This debt, however, must be repaid over time. Generally, repayment can be as long as 10 years or more. Even though borrowers are given a set period to repay their loans, some opt to pay them off sooner. Here's what you should know.

Can you pay off loans early?

If you’ve amassed a high student loan balance over the years, you have the option to pay it back ahead of schedule. Unlike other types of loans, private and federal student debt typically don’t incur penalties for paying off the loans early. 

Depending on the type of student loan and the agreement you signed with your lender, your repayment period can vary. Additionally, the minimum amount due each month depends on whether your student loan has a fixed or variable interest rate.

Generally, you’ll have multiple years to repay your student loans. For instance, federal student loans have a fixed rate that doesn’t change, and a standard repayment term of 10 years. If you pay more than the minimum monthly payment, you can shave months or years off of your original term.

Advantages of paying off student loans early

There’s no arguing that getting out of debt can be advantageous. Below are some of the top reasons to pay off student loans early.

Reduced interest costs

The longer you take to pay down your student balance, the more interest you’ll pay over time. Deliberately paying off loans early eliminates some of this interest cost.

For example, if you had $20,000 in student loans at 5%, you’d pay $5,456 in interest over 10 years. If you could repay your student loans in under 10 years — let’s say six — you’d pay a total of $3,191. That’s $2,265 in savings. 

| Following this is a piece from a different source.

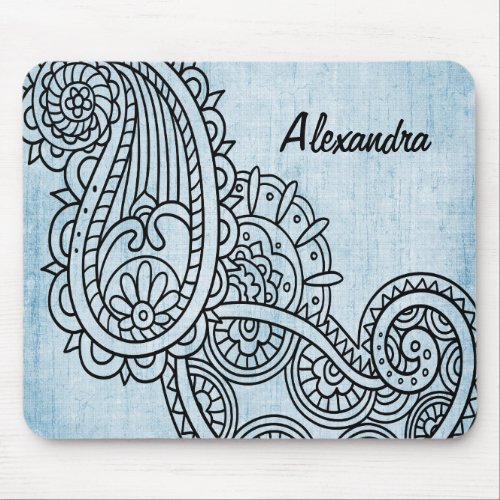 Blue Mehndi Motif Mousepad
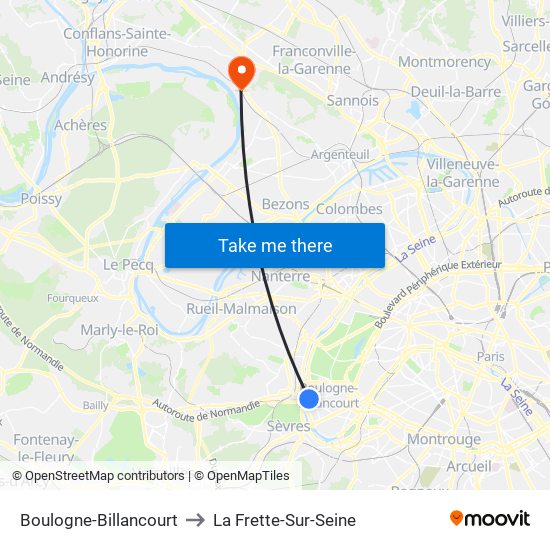 Boulogne-Billancourt to La Frette-Sur-Seine map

Potentially improved credit score

Your credit score is influenced by many factors, including the amount you still owe on your student loan, compared to the loan’s original balance. In fact, 30% of your FICO score is based on the amounts owed on your debt accounts. 

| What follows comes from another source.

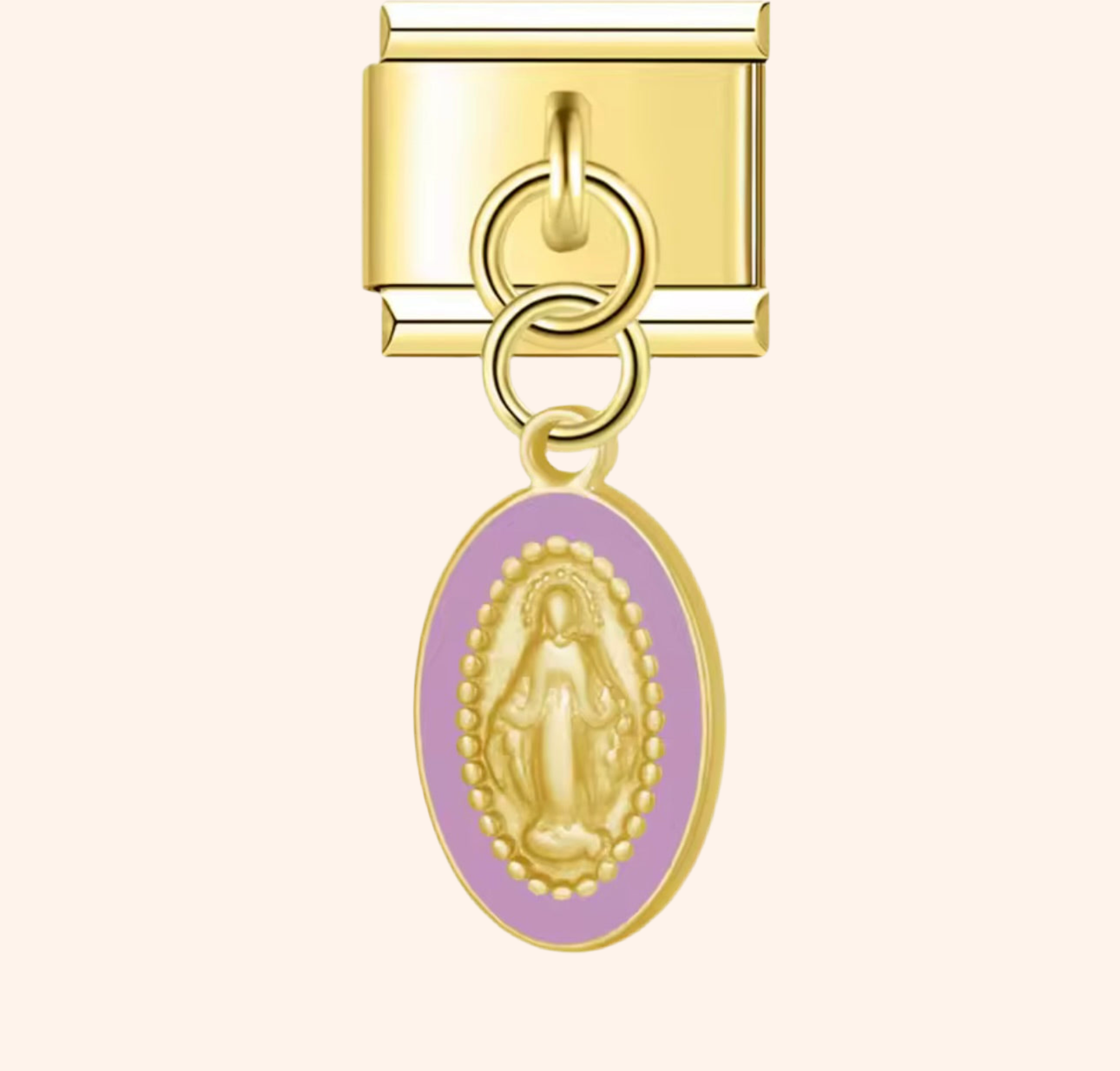 Italian Charm Virgen Morado 𝗘𝗡𝗧𝗥𝗘𝗚𝗔 𝗜𝗡𝗠𝗘𝗗𝗜𝗔𝗧𝗔 - Charmsymore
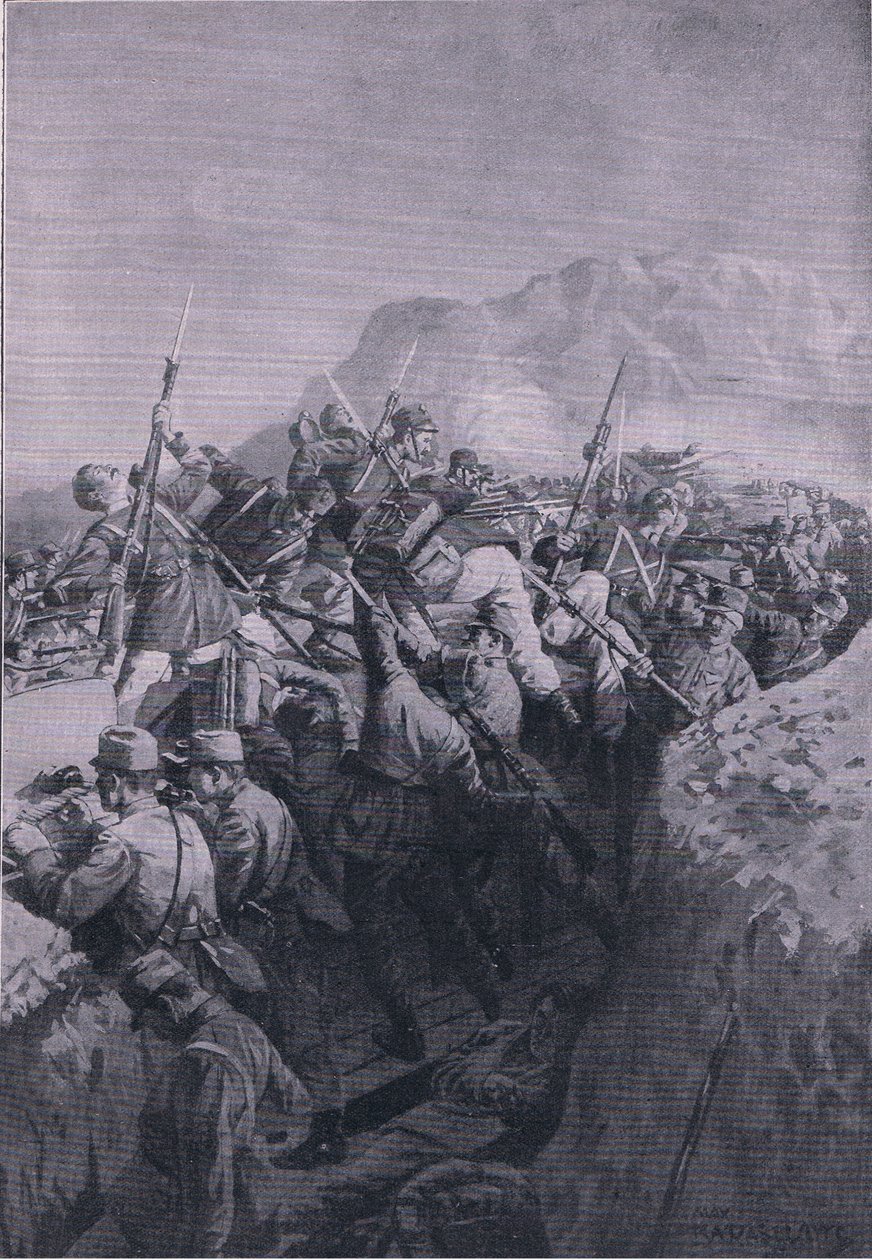 Italialaisten epäonnistunut hyökkäys Doberdon korkeuksiin, The Illustrated History of the World War 1914-1915 -pubista. kirjoittanut Union Berlagsefellfchaft tekijältä M. Barascudts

The less you still owe on an installment loan, compared to the original borrowed amount, the better it is for your score. Responsibly repaying the loan faster demonstrates your ability to manage credit, and might lift your score.

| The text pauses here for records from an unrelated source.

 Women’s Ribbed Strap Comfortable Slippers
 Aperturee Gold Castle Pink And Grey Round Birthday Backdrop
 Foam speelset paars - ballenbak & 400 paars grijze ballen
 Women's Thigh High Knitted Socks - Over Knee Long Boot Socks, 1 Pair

Increased financial flexibility

Having fewer debts to pay for each month means you can make conscious choices about how to use your remaining funds. If your minimum monthly student loan payment was $400, but you’ve already paid the loan in full, you can redirect that $400 per month towards other goals. 

The increased financial flexibility can help you pay off a car loan, invest in your retirement, or grow your emergency fund.

Reduced stress

Managing student debt can be overwhelming. A scientific study in the journal "Addictive Behaviors" revealed a link between high student debt and mental health issues, like anxiety and depression.

When you pay off loans early, it can ease the financial pressure you might feel during your day-to-day life. You may feel a sense of accomplishment and relief, which can help cut down on stress and improve your overall well-being.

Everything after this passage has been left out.